#### What you will do
In the listing beneath this line, copy exactly the lines starting with the one containing "view of car" and going on through the one containing "A variety of".

#### Data section
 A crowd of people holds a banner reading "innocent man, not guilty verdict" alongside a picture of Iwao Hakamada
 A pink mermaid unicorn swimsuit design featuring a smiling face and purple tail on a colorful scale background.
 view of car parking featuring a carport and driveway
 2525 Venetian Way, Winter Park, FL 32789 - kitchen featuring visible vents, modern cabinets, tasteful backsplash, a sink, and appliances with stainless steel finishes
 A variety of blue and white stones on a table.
* * *
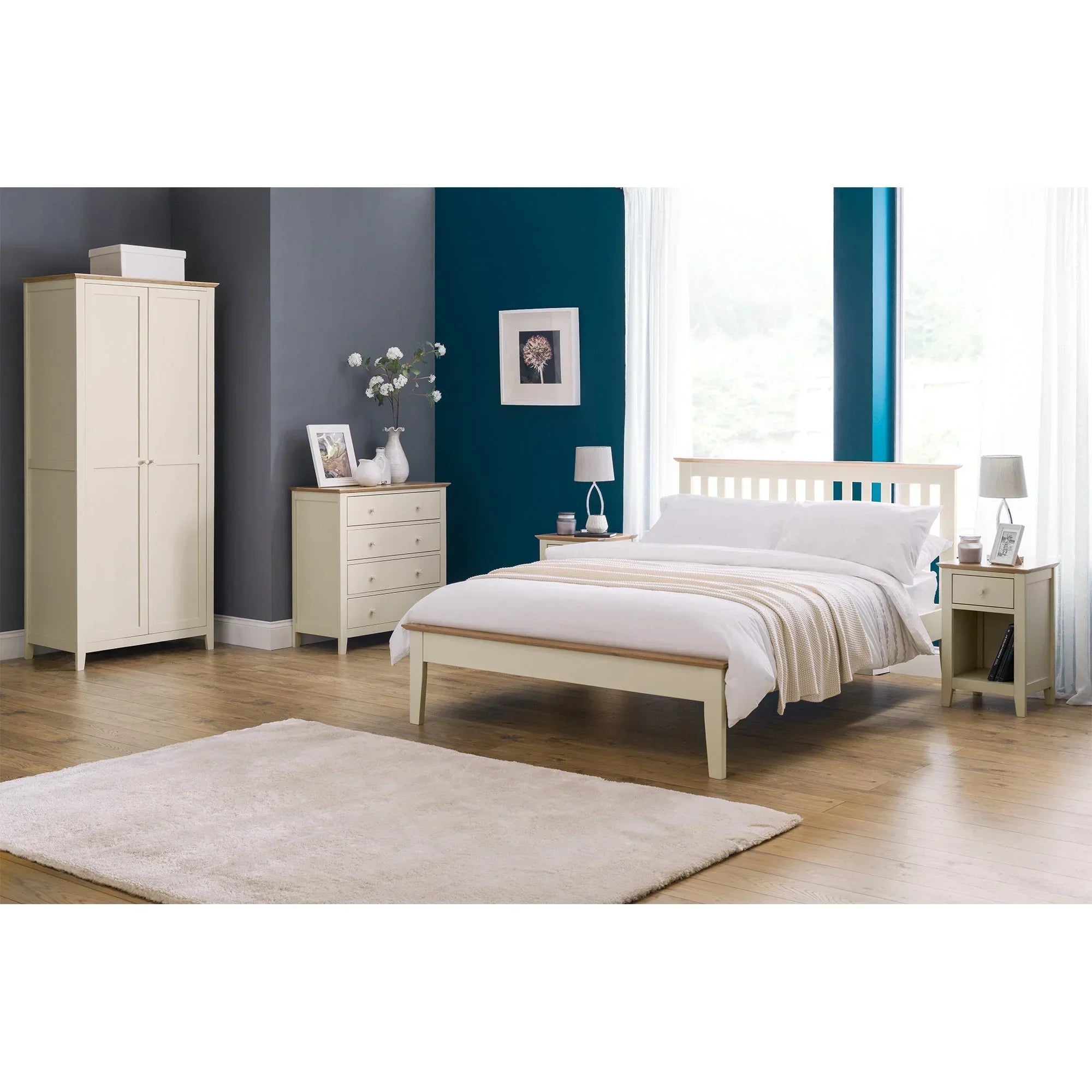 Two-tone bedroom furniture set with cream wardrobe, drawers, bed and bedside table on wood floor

#### Response box
 view of car parking featuring a carport and driveway
 2525 Venetian Way, Winter Park, FL 32789 - kitchen featuring visible vents, modern cabinets, tasteful backsplash, a sink, and appliances with stainless steel finishes
 A variety of blue and white stones on a table.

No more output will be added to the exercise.